化学物質過敏症は,化学物質暴露の既往があること,症状が多臓器にわたること,症状を説明できるような他の疾患が除外されること,症状が慢性であること,が特徴です.

一方,シックハウス症候群は,健康被害を及ぼすような室内空気質に暴露されたことがあること,そのような暴露をきっかけに健康被害が生じていること,汚染された室内気から離れると症状が消失もしくは軽減すること,他の原因による疾患が除外されていること,が特徴です.

化学物質過敏症とシックハウス症候群の概念は,オーバーラップする部分がありますが,必ずしも同一ではありません.シックハウス症候群では,室内気の関与が強調されていることが特徴です.

なぜ近年問題になってきたのか?

家を建てる時の考えが「省エネ,高気密」になったことが最大の原因です.一旦冷暖房した空気をいつまでも室内に留めるため,換気が少なくなります.このため.壁,床,天井などに使われた建材から発散された化学物質がいつまでも室内気にある一定の濃度で滞留してしまいます.

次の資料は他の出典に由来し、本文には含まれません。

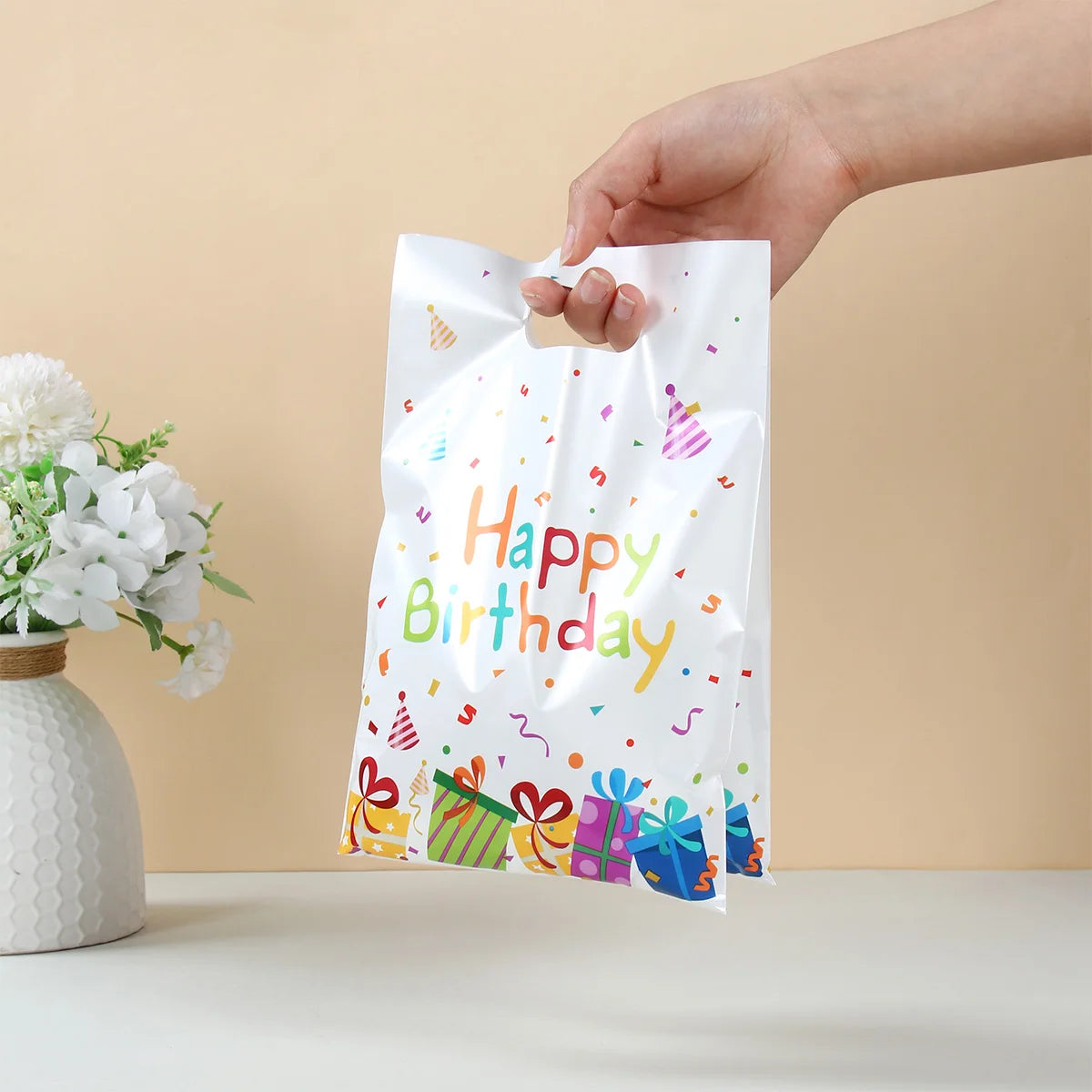 10/25/50pcs Happy Birthday Colored Gift Box Hand Bags Candy Cookies Kids Favor Birthday Party Decorations Gifts Party Supplies
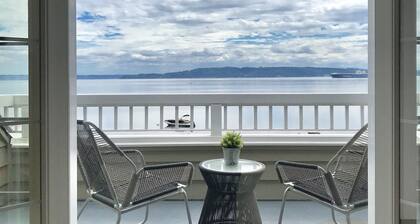 WINTER SALE! 1930’s Beach Front cottage in the unique Three Tree Point area.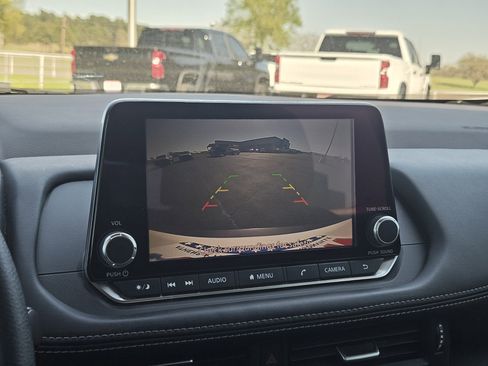 Used 2021 Nissan Rogue S image 18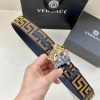 Width 3.8cm Versace This satin belt from Versace has a very casual style, adorned with the i 1vv3vyc1
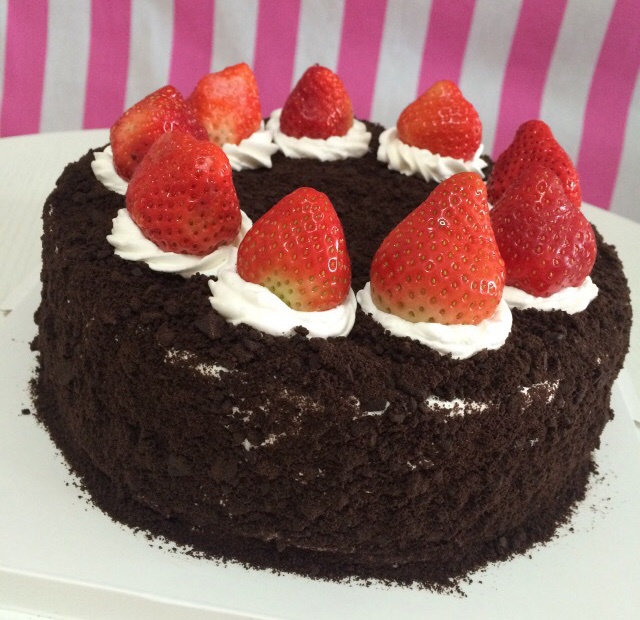 为大飞哥服务做的奥利奥水果奶油蛋糕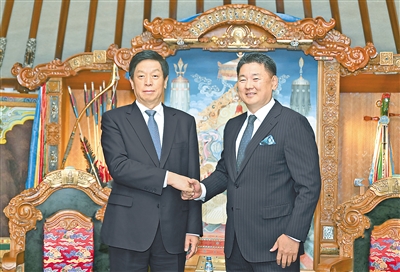 栗战书对蒙古国进行正式友好访问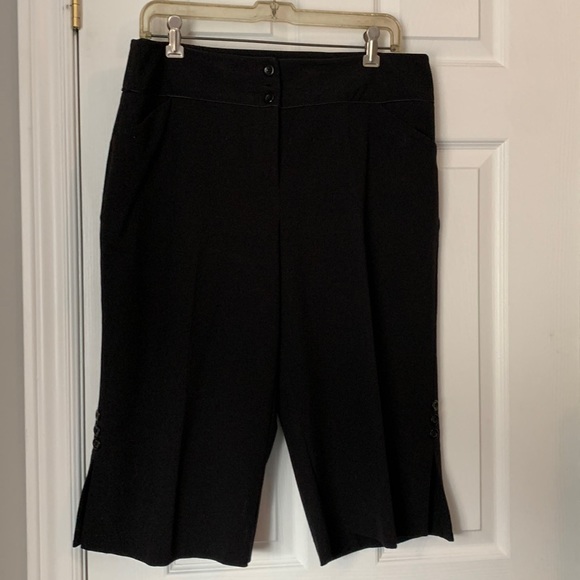 Reitmans petites black wide-leg capris - Picture 1 of 8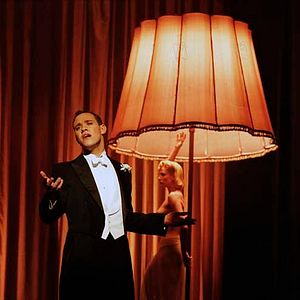 Foto Mrs. Henderson presenta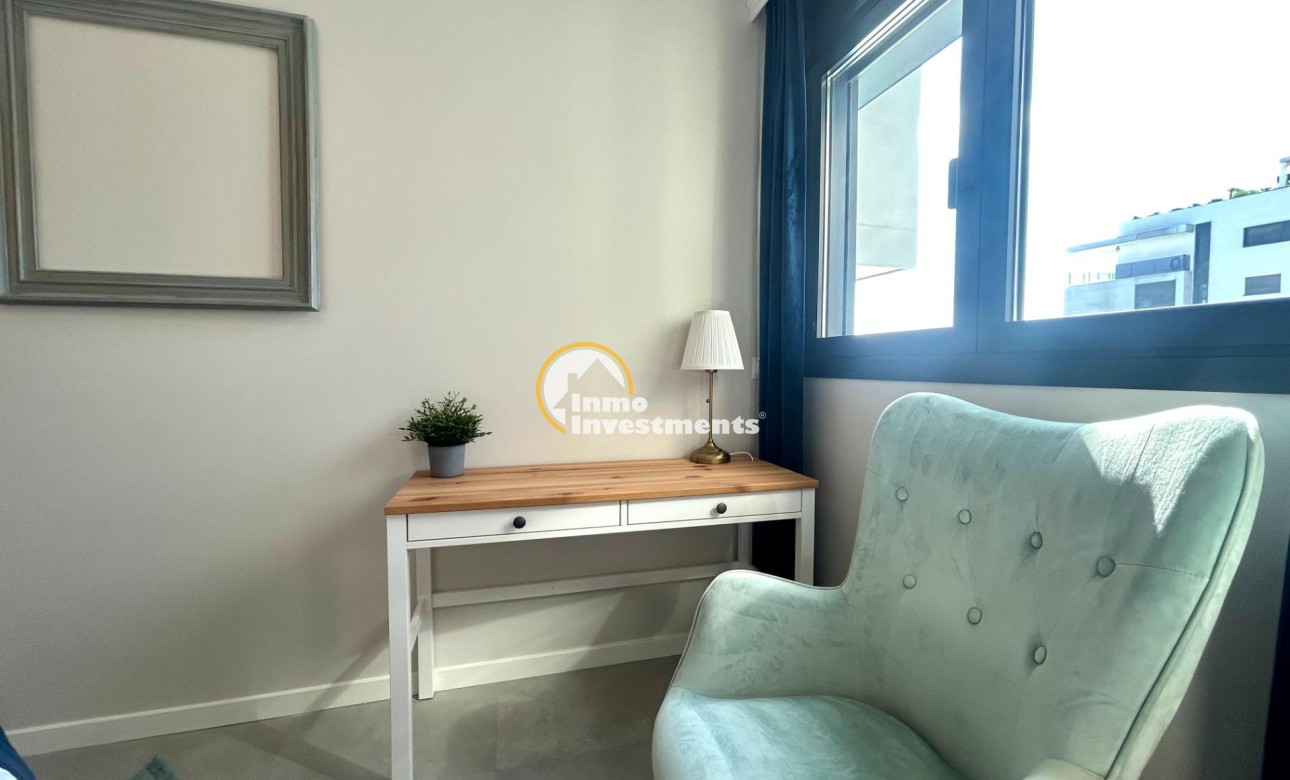Reventa - Apartamento - Campoamor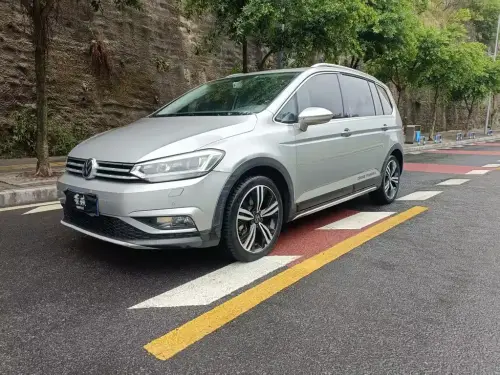 Volkswagen Touran, 2021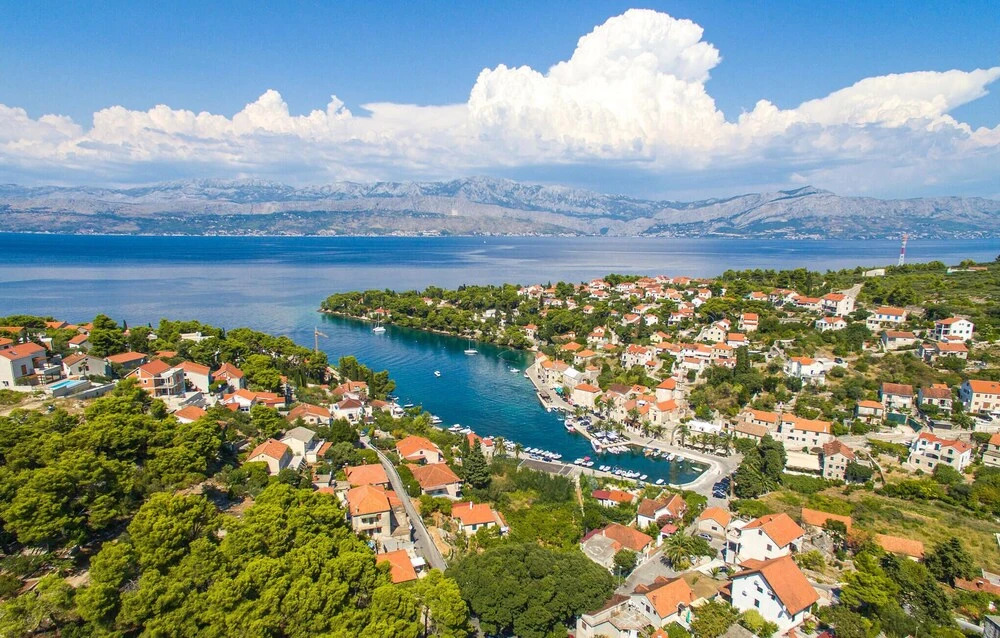 Awesome Apartment in Splitska With 2 Bedrooms and Wifi
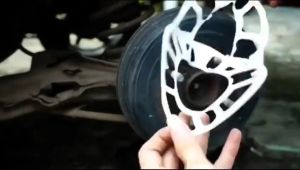 Cover Disk Belakang Tromol Mobil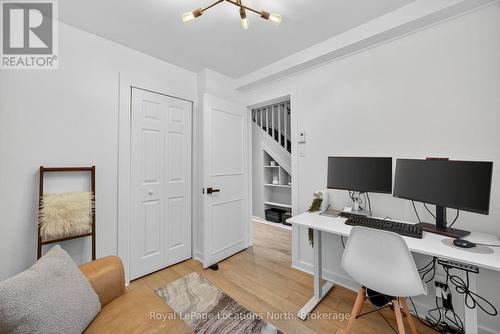 305 - 5 Dawson Drive, Collingwood, ON - Indoor Photo Showing Office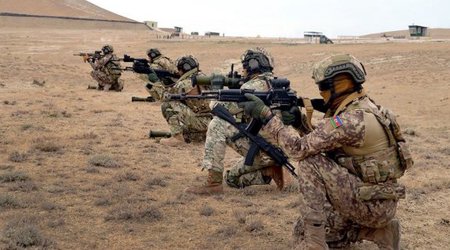 Армянский командир бросил своих солдат.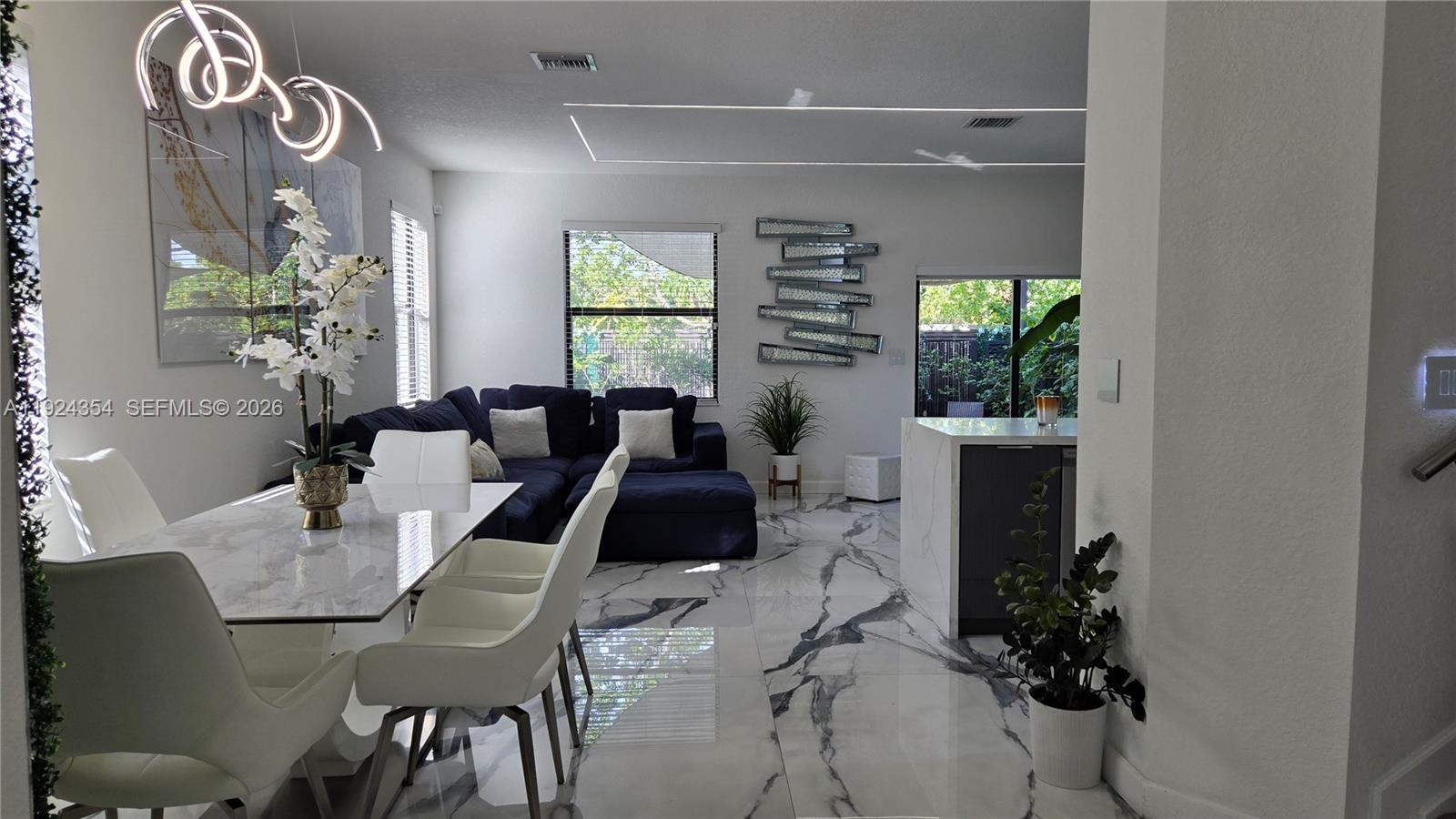 VIA VENTURE NEIGHBORHOOD - Residential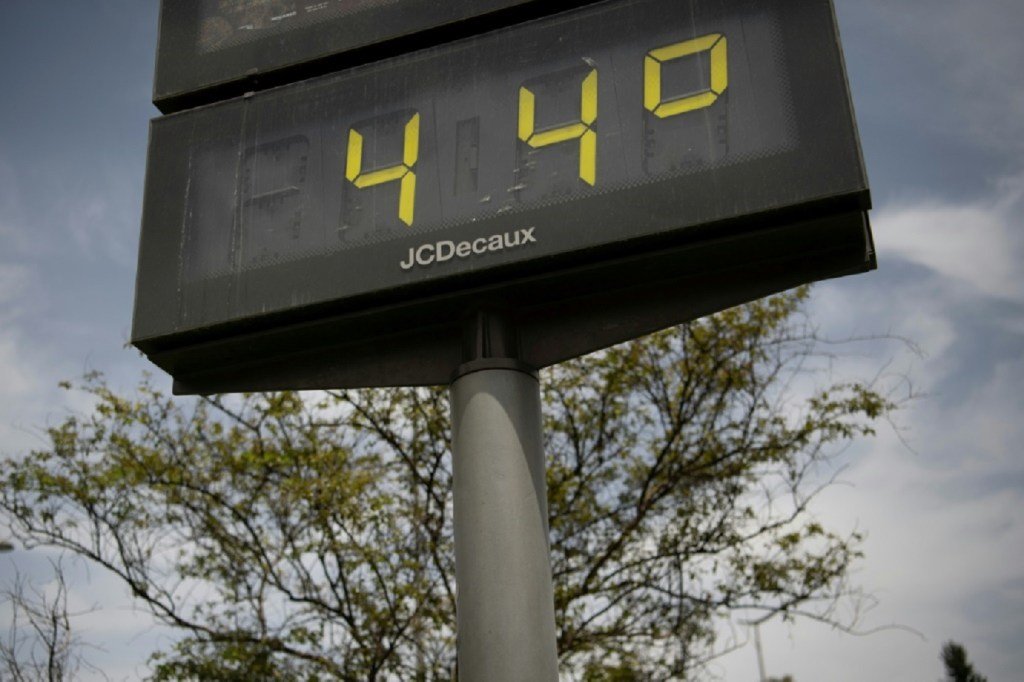 Termômetro de rua mostra 44 graus Celsius durante uma onda de calor em Sevilha em 12 de julho de 2022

化学物質暴露は,自宅だけなく,職場や学校でも起きています.

原因は?

化学物質過敏症・シックハウス症候群の原因物質としては,ホルムアルデヒド,トルエン,キシレンの3つが重要です.ホルムアルデヒドについて特に厳しい規制が設けられています.

これらの物質は,塗料,洗浄剤,ワックス,農薬,接着剤,化粧品,家具,衣類,開放型燃焼器具,たばこの煙に含まれています.また,合板,断熱材,フローリング,ビニール壁紙,ニスなどの建材にも含まれています.
さらに,木材の保存剤,防蟻剤,防燃・防災加工してある絨毯やカーテン,防虫加工してある畳などにも含まれています.

臨床像は?

  1. 化学物質過敏症・シックハウス症候群の70%は女性が占めます.とくに40歳代の女性に多いという特徴があります.
  2. 化学物質過敏症・シックハウス症候群の患者の84%は,なんらかのアレルギー疾患を持っています.アレルギー性鼻炎単独合併例が32%,アレルギー性鼻炎+他のアレルギー性疾患の合併例が32%で,アレルギー性鼻炎との重複が多いのが特徴です.